How To Save on Your Next Fix n Flip?

Buying, rehabbing, and flipping houses is capital intensive and can be risky when done wrong. It’s like real estate day trading in that you plan to buy a house, rehab it, and resell it immediately. Buy the wrong house for the wrong price, have the wrong team of contractors, finance it the wrong way, or miss something on your comps, and your flip can quickly become a financial flop. On the other hand, if you do everything right… you can create a very big payday for yourself!

Here are 3 specific ways to mange your capital and save big when rehabbing houses.

1. Save Thousands on Materials: Materials are a huge piece of the total investment capital required to rehab and flip houses, and there are a lot of opportunities to save big in this category. Instead of paying your contractor to supply labor and materials, consider having him only supply the labor. This way your materials don’t get marked up, and you can be confident in the materials being used at your houses.

To save money on materials, you can learn to purchase materials like builders and general contractors do. Professional builders take the time to build relationships with key material suppliers on big ticket items such as kitchen, bath, flooring, siding, windows, etc.

Typically professional builders are buying these materials from distributors and lumber yards. These type of suppliers often allow you to set up a credit account, buy materials via the phone or email, and provide volume discounts for you. This will save you a lot of money and a lot of time getting materials delivered to your job sites. For everyday miscellaneous purchases, you can rely on neighborhood big box stores like Lowe’s and Home Depot. You can also save a lot at these stores by using a military discount of 10% (if you’ve served), a 5% discount if you use their commercial accounts, or a full 10% off every purchase using their store coupons, which you can get online or buy directly on sites such as Ebay.

2. Save Thousands on Labor: If you have the skills and time available, you can use licensed subcontractors (Class B and C) to save a lot of money. Class A contractors are typically 10% more expensive then the lower class contractors. You’ll save a lot of money provided you build a strong, reliable team of subcontractors. Your subcontracting team may include an electrician, HVAC/mechanical, plumber, framer, drywall/finisher, painter, landscaper, etc. You should always verify contractor licensure, insurance, and plan to use a good contractor agreement and indemnification to protect your interests.

I’ve seen many investors get in trouble with payment schedules and down payments. More then once I’ve heard contractor horror stories of an investor providing a large deposit to start a job and then the contractor literally disappears.The benefit of using subcontractors who provide only labor is they should be able to start your job with little to no money on the front end. Running your own job site requires that you manage the entire project closely, so you have the right contractor on site at the right time and you coordinate the delivery of the materials to the site.It does take time and planning, but can lead to significant savings if you have the skills, time, and experience to run the whole job yourself.
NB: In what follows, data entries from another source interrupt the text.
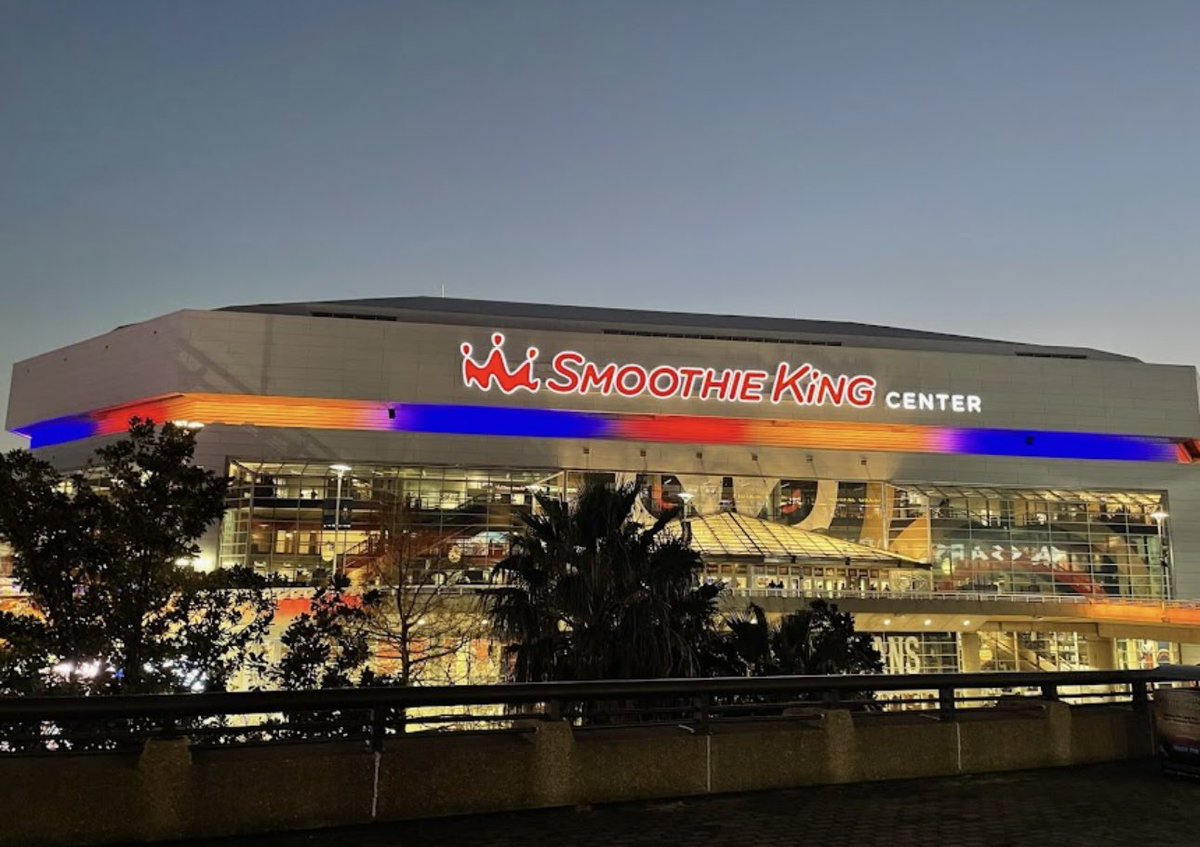 🚨FIGHT LOCATION🚨

#UFC318 Is Headed to The Smoothie King Arena July 19th
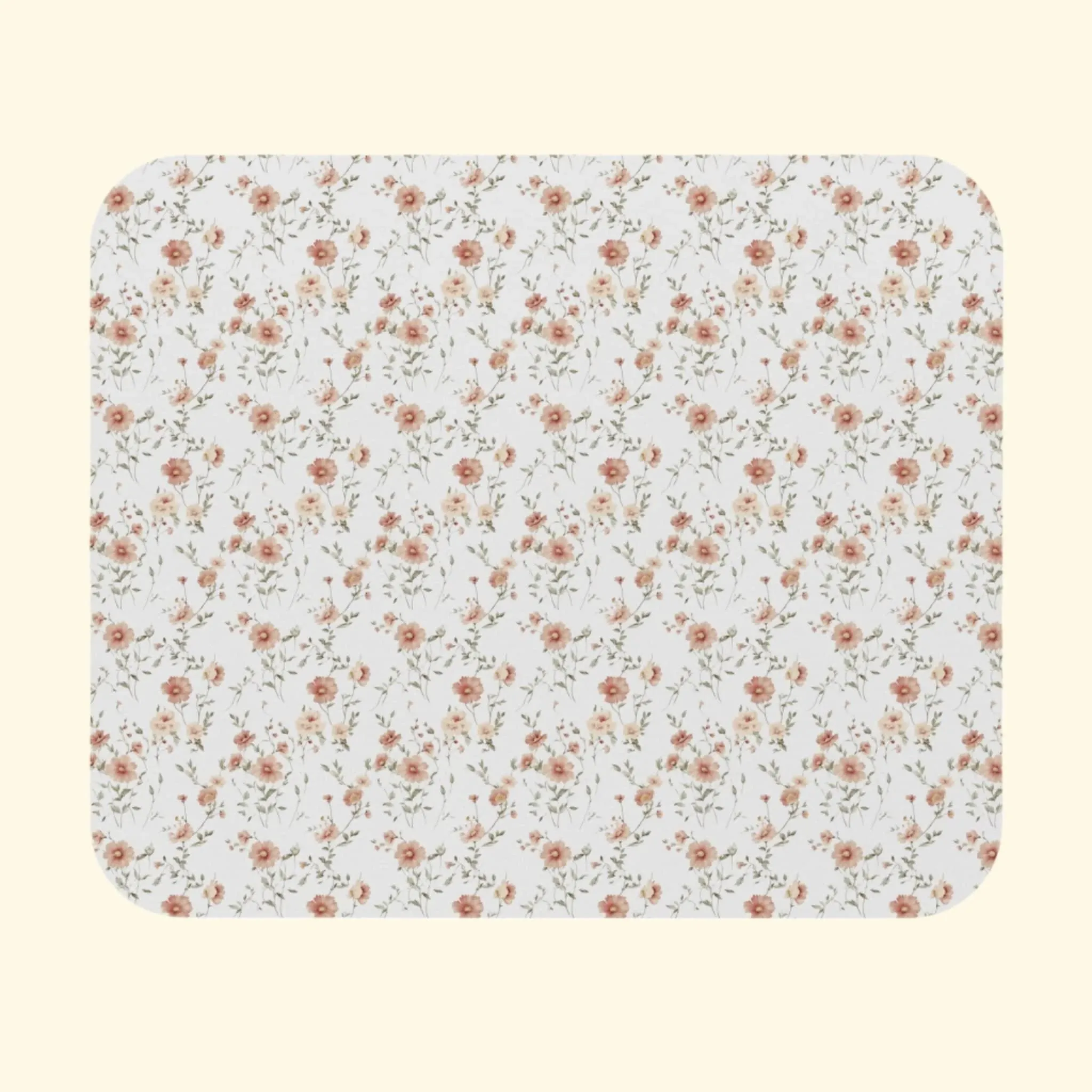 Floral Design Mouse Pad – Elegant Workspace Decor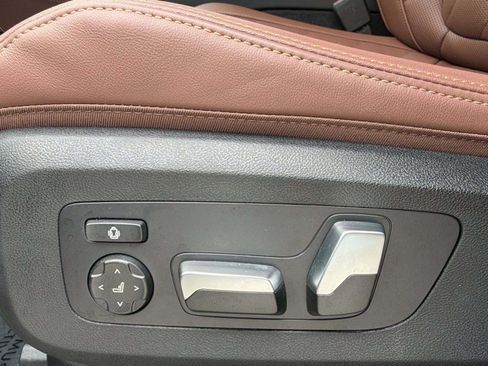 Used 2026 BMW X5 sDrive40i w/ M Sport Package RWD image 14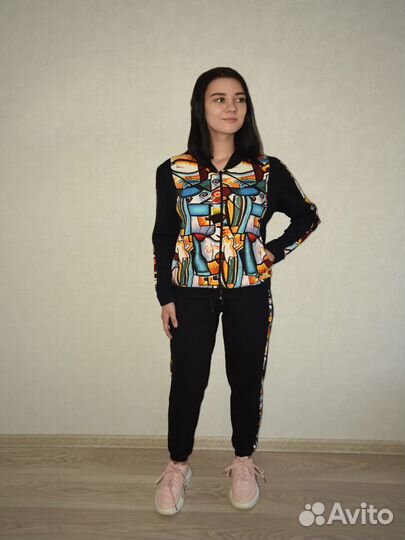 Спортивный костюм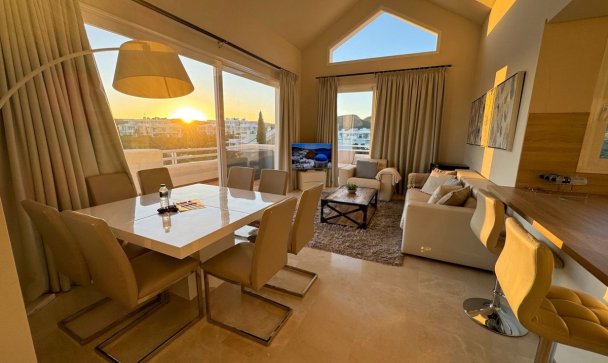 apartment - Wiederverkauf - Estepona - Estepona Centro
3. Rehab Your Financing: The way you finance your investment has a huge impact on your bottom line. Many investors get into the business of flipping houses by relying on hard money lenders. It can be a great way to get started, but you will soon realize that your hard money lender is taking a big piece of your overall profit. 

Hard money is considered to be “hard” because the points and interest are typically high, and it can be painful to absorb the high cost of this type of financing. Some hard money lenders will provide 100% financing, but more are trending toward requiring the borrower to put skin into the game in the form of a down payment or by not funding all of the repairs for the property.

Typically hard money lenders will charge 3 – 8 points. A point is equivalent to one percent of the mortgage amount. The total mortgage amount usually includes the price being paid, closing costs, and the renovation fix-up expenses.